My voice was shaking as I finished, and my throat was tight with anger.

"They surely don't believe that," said Holmes.

"No." I took a deep breath. "Perhaps not. But I am quite certain that if it had been Levi who lived, and chose to come to England, they would not have foisted him off on his mother's unpopular sister and forgotten about him."

Holmes said nothing, but his jaw was set.

"I'm resigned to it, really," I said. "But neither of us could be said to live sedate lives, and when I think of Jonathan – I don't want him to be a stranger to his family, or his religion. Bad enough," I managed a smile, "that he's been saddled with you and I for parents."

"A disadvantage he may have trouble living down," Holmes agreed.
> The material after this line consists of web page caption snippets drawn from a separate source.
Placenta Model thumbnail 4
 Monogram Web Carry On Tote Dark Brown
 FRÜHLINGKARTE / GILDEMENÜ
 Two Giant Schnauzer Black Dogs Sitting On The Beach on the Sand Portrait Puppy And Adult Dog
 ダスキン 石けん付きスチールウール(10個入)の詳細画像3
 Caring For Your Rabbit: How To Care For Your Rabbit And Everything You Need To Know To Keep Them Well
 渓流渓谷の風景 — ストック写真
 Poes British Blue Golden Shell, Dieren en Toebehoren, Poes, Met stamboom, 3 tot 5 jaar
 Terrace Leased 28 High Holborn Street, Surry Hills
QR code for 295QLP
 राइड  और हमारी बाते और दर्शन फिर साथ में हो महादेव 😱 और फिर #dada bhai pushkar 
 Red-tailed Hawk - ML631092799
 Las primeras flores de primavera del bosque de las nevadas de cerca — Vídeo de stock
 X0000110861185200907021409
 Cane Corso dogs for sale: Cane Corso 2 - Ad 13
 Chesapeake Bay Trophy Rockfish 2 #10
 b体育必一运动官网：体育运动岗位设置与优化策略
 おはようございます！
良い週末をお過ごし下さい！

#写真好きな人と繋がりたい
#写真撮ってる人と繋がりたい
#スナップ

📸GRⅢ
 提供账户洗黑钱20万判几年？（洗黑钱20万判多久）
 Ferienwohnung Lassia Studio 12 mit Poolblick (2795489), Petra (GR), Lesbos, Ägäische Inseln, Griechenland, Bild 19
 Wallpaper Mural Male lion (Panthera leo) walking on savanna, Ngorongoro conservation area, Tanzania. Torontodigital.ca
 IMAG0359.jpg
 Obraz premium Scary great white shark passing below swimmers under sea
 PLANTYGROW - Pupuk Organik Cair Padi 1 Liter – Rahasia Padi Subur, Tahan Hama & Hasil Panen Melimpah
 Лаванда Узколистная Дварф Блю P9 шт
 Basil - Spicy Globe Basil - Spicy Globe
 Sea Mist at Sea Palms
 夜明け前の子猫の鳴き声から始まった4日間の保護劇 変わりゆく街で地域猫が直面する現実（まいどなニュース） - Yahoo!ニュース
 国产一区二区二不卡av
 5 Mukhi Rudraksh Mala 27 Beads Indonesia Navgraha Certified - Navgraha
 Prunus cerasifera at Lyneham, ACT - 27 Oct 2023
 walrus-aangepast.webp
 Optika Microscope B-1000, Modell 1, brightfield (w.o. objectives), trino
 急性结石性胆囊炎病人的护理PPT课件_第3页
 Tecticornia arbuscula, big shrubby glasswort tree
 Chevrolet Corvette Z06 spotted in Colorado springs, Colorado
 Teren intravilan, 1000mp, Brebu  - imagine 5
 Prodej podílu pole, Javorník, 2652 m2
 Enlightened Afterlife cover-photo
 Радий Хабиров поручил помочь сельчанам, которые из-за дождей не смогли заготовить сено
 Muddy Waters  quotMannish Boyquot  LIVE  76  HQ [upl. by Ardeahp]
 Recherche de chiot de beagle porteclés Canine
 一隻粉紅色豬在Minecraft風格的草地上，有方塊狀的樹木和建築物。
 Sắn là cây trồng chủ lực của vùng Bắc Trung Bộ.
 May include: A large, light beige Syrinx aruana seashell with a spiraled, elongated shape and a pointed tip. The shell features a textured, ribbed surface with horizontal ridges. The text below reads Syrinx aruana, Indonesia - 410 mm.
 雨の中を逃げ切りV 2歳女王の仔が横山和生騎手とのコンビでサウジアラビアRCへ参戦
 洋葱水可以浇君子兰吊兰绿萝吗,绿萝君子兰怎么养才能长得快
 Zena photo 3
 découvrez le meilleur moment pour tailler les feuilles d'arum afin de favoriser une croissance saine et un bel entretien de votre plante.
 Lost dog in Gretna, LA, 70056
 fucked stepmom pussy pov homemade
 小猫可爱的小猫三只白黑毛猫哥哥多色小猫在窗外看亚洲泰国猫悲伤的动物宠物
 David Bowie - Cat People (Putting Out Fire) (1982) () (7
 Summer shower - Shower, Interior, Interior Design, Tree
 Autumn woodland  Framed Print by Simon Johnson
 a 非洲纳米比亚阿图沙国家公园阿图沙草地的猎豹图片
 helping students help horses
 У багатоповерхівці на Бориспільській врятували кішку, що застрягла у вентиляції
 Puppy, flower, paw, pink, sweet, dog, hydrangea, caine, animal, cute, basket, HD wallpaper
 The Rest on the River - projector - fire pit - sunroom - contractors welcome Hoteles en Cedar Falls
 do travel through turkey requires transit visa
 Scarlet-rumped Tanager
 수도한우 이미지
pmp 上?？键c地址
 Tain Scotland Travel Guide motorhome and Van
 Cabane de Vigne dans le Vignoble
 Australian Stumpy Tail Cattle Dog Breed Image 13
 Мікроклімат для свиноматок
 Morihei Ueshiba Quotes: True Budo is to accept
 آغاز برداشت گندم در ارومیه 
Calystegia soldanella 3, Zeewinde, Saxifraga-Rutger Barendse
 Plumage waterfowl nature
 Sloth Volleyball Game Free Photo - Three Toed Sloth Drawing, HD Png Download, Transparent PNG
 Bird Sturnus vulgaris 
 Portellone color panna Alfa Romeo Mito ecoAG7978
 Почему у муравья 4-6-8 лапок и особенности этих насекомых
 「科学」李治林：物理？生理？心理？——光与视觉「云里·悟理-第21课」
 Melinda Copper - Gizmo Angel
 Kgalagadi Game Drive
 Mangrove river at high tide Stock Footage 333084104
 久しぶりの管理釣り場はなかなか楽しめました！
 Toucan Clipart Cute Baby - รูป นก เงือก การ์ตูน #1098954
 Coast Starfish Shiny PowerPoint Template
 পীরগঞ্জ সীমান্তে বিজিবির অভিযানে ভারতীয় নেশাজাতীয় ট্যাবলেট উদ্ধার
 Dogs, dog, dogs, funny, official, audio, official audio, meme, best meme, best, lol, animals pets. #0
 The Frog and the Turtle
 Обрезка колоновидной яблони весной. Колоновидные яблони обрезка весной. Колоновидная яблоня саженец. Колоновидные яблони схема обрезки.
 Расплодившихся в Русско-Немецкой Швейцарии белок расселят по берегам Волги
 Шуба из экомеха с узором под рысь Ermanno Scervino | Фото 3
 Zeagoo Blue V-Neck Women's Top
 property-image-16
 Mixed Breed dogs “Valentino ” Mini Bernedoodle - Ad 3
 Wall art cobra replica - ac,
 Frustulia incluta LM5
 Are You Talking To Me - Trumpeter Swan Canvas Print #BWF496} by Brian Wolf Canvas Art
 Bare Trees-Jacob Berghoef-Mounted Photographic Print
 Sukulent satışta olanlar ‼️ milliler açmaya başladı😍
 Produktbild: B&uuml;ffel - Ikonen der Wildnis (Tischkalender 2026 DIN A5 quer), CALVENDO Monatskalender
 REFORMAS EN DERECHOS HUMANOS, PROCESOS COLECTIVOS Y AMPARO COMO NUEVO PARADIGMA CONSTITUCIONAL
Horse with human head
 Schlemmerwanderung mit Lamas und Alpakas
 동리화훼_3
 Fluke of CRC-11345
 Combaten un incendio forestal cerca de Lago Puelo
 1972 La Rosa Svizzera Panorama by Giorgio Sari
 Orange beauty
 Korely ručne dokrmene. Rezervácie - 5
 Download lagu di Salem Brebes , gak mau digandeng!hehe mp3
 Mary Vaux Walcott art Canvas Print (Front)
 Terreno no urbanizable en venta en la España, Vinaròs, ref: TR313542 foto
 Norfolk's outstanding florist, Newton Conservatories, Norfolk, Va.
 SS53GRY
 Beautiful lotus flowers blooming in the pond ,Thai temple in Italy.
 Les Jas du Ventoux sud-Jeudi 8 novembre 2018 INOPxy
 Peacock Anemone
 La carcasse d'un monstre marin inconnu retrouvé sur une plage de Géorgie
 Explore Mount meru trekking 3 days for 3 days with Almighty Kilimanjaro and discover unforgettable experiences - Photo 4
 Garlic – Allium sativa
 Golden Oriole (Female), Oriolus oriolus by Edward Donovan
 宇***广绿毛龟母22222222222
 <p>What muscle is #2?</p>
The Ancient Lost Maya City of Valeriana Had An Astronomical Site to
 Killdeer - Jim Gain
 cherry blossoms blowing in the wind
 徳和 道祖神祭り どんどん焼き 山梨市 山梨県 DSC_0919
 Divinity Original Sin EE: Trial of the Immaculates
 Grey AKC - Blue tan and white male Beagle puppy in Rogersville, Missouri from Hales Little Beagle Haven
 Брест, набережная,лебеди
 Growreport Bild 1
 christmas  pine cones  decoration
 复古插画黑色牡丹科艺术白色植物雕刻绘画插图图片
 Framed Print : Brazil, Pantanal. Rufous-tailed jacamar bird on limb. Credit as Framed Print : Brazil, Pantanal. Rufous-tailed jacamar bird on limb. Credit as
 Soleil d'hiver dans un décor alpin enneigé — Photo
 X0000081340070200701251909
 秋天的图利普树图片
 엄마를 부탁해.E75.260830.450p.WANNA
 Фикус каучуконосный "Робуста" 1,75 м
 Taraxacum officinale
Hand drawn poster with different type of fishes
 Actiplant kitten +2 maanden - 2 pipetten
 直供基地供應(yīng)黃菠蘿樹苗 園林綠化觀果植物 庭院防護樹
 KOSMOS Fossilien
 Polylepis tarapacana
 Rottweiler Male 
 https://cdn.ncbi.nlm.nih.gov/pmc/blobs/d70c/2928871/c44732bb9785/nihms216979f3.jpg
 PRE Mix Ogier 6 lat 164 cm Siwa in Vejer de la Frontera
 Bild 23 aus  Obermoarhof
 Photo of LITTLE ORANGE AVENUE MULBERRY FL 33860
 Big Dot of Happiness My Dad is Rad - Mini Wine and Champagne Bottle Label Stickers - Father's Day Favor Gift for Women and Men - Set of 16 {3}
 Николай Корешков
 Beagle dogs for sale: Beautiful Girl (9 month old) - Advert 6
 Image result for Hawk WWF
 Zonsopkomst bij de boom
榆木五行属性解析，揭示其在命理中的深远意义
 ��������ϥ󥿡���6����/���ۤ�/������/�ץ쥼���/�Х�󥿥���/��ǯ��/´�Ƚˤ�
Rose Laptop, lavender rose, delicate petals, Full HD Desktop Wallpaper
"I miss my mother," I said suddenly.

Holmes had the decency not to tell me this had been obvious to him for years.

"I think, ever since Jonathan was born – I don't think I could ever match her ability to teach or nurture, but I'm trying." I swallowed my drink. It burnt my throat and nose as it went down.

Holmes squeezed my hand and let it go, rising to his feet. His stiffness, I deduced, derived less from his injury than rheumatism.

"Go inside," I said. "I'll follow in a few minutes."

He nodded and left me alone with my thoughts. But I was exhausted and empty, ready to set this day aside and prepare for tomorrow.

The sun was setting. Shabbos was over. I closed my eyes and offered a brief prayer.

Then I stood up and went inside, and locked the door behind me.